Por esse motivo, ela buscou capacitação na área de DPO. “Para conseguir ter essa ideia mais prática e me aperfeiçoar caso venha a assumir o papel local de DPO, fiz o curso. O curso não é para entender só de lei, mas também de processos, técnicos”, comenta Nascimento.

Para ela, a profissão de DPO poderá expandir as possibilidades para que os profissionais possam atuar em suas respectivas áreas como o encarregado de proteção de dados. “A partir da vigência da lei, é um mercado novo. Independentemente do seu histórico de formação, a empresa provavelmente vai precisar, se não um DPO local, pelo menos alguém que entenda do assunto.” A remuneração, segundo ela, será alta a depender do tamanho da empresa e do seu nível de exposição.

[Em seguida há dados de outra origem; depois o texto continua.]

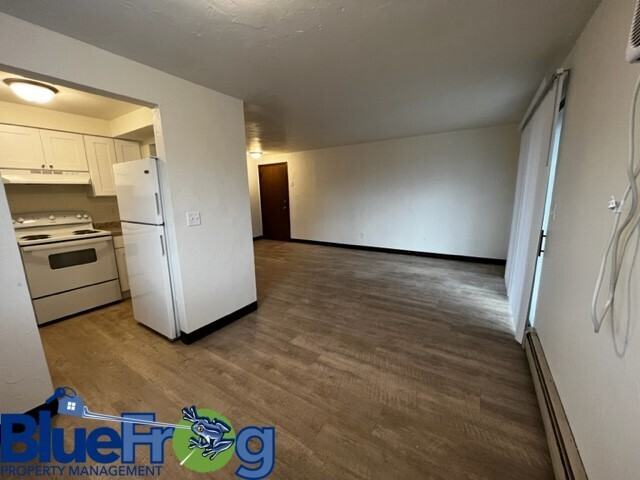 2760 Humboldt Road - Photo 2 of 23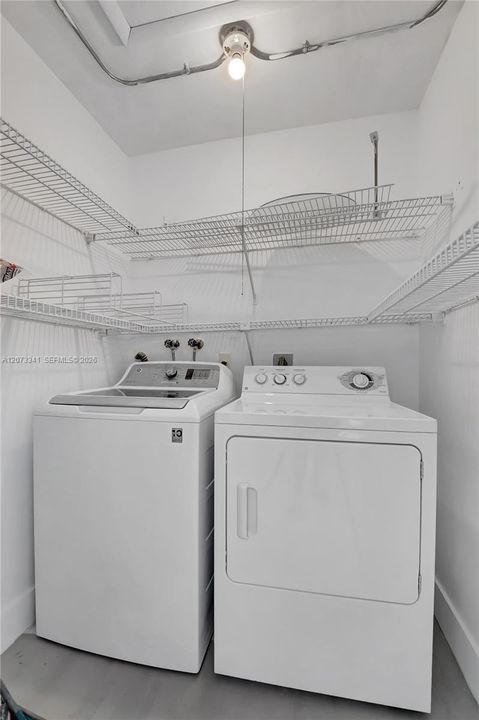 For Sale: $235,000 (2 beds, 2 baths, 907 Square Feet)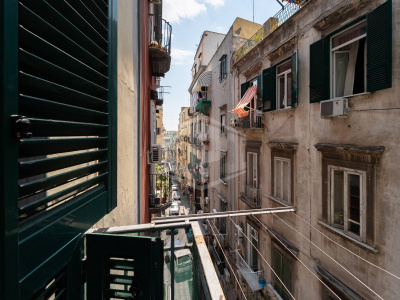 5 Vani in Via S. Caterina da Siena 73 , Napoli (NA)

Dentre as atividades que ela já começou a desempenhar, estão conhecer melhor as atividades de cada setor da companhia para poder apontar os principais pontos de exposição de dados e implantar cláusulas de proteção de dados nos contratos de trabalho e contratos com terceiros para que toda a cadeia de fornecedores de serviços esteja em conformidade com a lei e seja criado um ambiente seguro para tratamento de dados.